Your way, their way and no way
Auditors must be alert, to avoid inadvertently assuming a duty of care to a lender to a client. Hugh Morgan reminds auditors why.
There have been recent instances where lenders have sought to place additional obligations on the borrower, which directly or indirectly involve the auditor and potentially open up a duty of care to the lender. This is not a new issue. In 2000, due to demand from parties involved in financing arrangements, ICAEW published AAF 04/00 Firms’ Reports and Duties to Lenders in Connection with Loans and Other Facilities to Clients and Related Covenants. This guidance remains current and can be found, with other faculty Technical Releases.
It is important to note that firms are not obliged to accept an engagement to report in connection with a client’s statement of covenant compliance (Statement), despite what a loan agreement might say, since a firm cannot be bound to comply with the terms of an agreement to which it was not party. Nonetheless, many firms still wish to assist their clients.
AAF 04/00 advises firms to be alert to inadvertently assuming a duty of care to a lender in relation to their audit report. It is good practice for firms to obtain a full copy of their client’s loan agreement, rather than extracts relating to covenants, to determine the extent of any obligations that their client may have accepted on the auditor’s behalf.
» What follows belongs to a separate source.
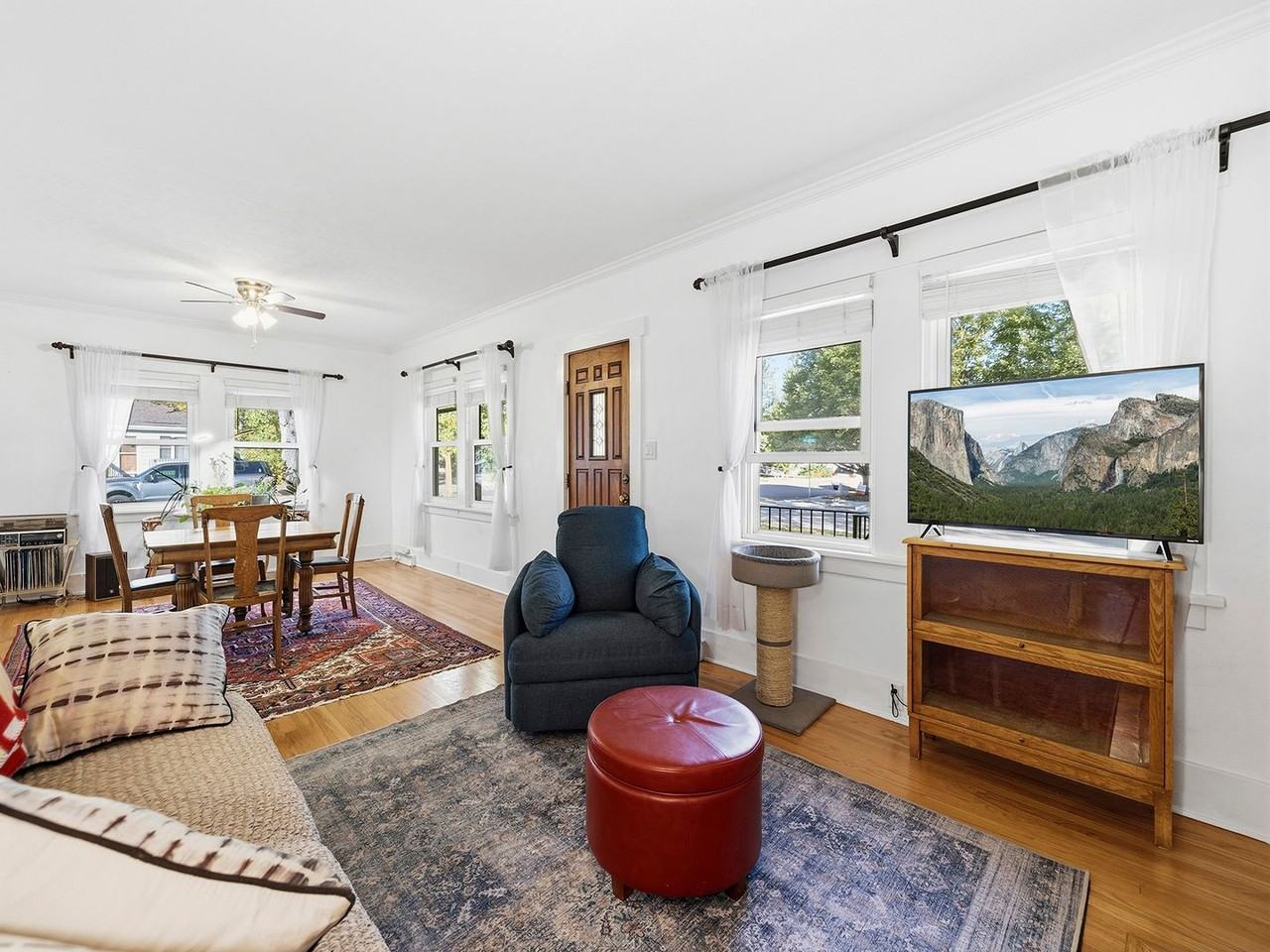 1223 W 31st St - Photo 4 of 23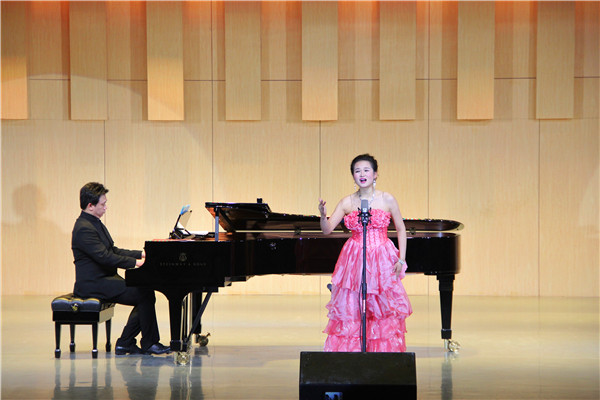 2017010309462213.jpg 我院举办姚博慧专场音乐会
The guidance advises that there should be a separate engagement between the auditor, borrower and lender which is entirely separate from the audit work on annual financial statements.
A firm’s report in connection with the Statement will normally be confined to the accuracy of the extraction and computation of those financial matters that are the subject of covenants within the facility; it is essentially an agreed-upon procedures engagement rather than an assurance engagement.